(Listed entries Opens)

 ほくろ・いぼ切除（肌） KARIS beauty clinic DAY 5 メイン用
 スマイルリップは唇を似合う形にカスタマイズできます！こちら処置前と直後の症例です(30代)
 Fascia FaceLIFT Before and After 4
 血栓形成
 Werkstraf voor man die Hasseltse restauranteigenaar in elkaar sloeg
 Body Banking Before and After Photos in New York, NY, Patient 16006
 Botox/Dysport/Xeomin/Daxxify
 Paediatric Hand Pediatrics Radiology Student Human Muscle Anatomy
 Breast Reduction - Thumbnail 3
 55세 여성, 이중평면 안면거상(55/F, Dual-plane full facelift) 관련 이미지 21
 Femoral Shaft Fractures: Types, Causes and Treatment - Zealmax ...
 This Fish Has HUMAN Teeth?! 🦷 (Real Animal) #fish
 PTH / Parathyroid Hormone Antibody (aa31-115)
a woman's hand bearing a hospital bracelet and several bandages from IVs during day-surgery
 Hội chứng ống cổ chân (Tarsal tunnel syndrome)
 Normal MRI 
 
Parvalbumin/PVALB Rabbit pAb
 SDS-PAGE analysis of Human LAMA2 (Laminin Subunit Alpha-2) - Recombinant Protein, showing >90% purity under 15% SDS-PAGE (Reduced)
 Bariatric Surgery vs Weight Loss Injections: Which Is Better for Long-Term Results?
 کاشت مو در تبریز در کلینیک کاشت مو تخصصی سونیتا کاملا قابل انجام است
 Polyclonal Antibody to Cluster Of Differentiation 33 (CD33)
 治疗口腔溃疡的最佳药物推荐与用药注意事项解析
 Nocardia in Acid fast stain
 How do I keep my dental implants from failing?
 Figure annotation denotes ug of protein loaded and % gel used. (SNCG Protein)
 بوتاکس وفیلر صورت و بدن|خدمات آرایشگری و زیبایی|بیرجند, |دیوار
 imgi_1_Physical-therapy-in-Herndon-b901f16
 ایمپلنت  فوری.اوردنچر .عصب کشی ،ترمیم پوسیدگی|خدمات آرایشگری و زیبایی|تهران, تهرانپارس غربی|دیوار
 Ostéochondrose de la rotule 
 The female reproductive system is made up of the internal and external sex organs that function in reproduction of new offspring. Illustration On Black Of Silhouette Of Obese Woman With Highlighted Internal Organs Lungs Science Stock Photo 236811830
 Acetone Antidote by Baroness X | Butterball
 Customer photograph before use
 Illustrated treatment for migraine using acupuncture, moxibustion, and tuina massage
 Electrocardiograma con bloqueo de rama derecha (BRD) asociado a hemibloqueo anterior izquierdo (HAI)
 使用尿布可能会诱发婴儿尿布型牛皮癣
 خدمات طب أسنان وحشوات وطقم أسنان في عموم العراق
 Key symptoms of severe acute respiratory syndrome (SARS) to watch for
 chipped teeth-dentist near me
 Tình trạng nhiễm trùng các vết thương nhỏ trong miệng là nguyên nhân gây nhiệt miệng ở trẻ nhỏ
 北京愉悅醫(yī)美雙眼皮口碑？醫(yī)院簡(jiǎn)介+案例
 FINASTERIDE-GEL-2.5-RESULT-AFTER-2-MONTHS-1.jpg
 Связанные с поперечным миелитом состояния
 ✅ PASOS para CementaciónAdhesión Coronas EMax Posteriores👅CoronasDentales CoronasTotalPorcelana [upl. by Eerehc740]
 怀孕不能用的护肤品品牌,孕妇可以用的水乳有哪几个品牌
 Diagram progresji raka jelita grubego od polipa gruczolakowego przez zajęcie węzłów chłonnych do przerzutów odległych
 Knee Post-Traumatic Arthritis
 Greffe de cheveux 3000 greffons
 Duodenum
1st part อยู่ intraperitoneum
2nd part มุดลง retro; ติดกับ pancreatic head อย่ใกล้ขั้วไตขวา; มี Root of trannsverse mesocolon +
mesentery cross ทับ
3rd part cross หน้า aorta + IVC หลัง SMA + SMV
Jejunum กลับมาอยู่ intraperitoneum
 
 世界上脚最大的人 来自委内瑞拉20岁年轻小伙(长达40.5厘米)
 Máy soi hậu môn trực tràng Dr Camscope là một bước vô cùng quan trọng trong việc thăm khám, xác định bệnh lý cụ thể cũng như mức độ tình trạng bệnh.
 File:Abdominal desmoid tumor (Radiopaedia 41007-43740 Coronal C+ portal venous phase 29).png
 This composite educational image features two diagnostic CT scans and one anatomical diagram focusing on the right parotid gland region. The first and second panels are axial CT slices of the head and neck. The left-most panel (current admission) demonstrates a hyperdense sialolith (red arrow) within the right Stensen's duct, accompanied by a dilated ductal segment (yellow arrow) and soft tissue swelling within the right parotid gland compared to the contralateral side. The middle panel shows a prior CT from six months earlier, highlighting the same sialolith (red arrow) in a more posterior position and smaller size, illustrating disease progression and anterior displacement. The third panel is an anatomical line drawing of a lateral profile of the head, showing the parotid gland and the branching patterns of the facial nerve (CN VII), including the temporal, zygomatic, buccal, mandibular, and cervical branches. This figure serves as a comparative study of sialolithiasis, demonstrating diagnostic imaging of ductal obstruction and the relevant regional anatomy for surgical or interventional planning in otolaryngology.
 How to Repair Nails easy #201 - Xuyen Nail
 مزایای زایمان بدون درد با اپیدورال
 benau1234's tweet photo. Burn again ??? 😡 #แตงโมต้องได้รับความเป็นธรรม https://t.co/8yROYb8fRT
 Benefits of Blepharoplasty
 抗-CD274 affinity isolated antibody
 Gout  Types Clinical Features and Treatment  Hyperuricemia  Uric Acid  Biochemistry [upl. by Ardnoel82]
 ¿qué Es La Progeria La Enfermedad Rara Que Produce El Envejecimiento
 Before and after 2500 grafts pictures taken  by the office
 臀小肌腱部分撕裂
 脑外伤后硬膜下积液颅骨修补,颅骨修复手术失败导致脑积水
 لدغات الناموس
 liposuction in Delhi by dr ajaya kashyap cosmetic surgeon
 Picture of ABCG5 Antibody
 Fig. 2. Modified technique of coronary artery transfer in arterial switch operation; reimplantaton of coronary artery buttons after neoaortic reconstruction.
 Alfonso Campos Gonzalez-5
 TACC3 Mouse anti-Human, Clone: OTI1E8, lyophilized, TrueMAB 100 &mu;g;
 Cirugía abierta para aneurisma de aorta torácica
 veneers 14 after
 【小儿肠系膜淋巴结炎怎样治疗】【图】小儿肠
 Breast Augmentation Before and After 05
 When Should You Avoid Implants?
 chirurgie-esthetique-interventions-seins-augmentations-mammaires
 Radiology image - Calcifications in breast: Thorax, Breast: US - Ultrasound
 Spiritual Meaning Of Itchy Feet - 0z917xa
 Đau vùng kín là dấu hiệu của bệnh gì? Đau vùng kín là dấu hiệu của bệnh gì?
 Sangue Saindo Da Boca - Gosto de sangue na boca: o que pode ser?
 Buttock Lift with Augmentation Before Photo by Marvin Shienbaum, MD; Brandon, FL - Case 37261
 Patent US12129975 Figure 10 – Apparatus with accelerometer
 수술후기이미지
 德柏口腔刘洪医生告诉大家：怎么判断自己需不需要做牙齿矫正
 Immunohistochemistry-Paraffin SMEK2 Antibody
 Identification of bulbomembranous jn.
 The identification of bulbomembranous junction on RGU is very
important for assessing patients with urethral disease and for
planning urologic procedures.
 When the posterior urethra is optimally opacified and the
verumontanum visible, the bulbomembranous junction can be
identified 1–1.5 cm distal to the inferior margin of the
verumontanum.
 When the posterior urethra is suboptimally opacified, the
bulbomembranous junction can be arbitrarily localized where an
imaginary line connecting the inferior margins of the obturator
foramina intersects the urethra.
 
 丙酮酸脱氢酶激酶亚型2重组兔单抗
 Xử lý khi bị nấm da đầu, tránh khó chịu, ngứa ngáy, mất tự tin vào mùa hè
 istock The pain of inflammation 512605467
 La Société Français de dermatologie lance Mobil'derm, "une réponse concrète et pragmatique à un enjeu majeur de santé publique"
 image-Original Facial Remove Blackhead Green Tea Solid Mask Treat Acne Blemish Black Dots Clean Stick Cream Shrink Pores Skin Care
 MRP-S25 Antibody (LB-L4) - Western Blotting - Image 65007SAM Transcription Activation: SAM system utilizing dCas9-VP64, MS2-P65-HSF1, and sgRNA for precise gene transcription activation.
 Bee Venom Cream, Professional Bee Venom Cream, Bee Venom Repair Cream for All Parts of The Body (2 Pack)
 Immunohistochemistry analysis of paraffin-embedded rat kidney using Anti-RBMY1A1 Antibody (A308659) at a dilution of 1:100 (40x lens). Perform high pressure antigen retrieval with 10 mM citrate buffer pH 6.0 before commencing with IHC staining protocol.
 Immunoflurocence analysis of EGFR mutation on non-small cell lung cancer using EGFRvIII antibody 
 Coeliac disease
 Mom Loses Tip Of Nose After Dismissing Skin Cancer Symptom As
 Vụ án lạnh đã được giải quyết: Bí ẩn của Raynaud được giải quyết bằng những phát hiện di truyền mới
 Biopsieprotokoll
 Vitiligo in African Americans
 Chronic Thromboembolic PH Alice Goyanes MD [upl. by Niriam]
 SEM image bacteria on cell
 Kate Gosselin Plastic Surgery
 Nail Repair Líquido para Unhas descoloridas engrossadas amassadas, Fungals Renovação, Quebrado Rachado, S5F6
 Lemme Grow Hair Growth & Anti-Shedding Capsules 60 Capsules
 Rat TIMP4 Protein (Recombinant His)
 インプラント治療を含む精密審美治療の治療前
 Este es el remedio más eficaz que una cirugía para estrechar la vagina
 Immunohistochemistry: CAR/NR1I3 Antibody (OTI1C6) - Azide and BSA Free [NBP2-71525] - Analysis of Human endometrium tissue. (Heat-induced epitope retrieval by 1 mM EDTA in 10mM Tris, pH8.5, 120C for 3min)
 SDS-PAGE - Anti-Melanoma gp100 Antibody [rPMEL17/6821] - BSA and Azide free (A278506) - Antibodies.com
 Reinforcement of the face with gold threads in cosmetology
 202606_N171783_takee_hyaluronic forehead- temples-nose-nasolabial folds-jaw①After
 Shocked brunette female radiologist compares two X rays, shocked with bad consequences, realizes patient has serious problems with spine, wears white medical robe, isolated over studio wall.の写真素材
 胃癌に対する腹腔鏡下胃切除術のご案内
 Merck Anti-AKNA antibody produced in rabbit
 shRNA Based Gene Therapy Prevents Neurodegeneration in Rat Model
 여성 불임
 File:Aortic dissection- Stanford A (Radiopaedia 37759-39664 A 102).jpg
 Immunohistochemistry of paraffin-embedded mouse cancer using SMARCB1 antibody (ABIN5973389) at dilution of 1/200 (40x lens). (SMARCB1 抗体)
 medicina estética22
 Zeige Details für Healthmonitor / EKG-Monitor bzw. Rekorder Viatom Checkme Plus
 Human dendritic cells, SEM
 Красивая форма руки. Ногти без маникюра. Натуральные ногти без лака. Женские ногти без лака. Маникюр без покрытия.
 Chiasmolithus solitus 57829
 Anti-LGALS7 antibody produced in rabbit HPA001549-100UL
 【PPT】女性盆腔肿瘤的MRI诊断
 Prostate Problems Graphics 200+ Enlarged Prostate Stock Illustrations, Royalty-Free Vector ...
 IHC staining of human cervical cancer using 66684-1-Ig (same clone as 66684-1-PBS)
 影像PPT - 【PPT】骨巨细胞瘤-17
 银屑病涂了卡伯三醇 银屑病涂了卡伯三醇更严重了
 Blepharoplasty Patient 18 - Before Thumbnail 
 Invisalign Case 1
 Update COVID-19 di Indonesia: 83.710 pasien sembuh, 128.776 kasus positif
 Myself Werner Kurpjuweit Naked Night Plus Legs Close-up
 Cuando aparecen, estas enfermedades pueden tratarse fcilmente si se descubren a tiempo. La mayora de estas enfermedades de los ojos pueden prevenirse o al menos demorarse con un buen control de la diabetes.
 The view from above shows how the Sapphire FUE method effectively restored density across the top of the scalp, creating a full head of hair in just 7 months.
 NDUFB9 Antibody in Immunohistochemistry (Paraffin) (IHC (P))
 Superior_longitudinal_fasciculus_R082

(Listed entries Closes)

*Prompt*:
In the entries above, please find the line with "forehead- temples-nose-nasolabial folds-jaw①After" and the line with "Merck Anti-AKNA antibody produced in rabbit", then write out exactly those two lines and every line between them, and nothing more.

*Exercise solution*:
 202606_N171783_takee_hyaluronic forehead- temples-nose-nasolabial folds-jaw①After
 Shocked brunette female radiologist compares two X rays, shocked with bad consequences, realizes patient has serious problems with spine, wears white medical robe, isolated over studio wall.の写真素材
 胃癌に対する腹腔鏡下胃切除術のご案内
 Merck Anti-AKNA antibody produced in rabbit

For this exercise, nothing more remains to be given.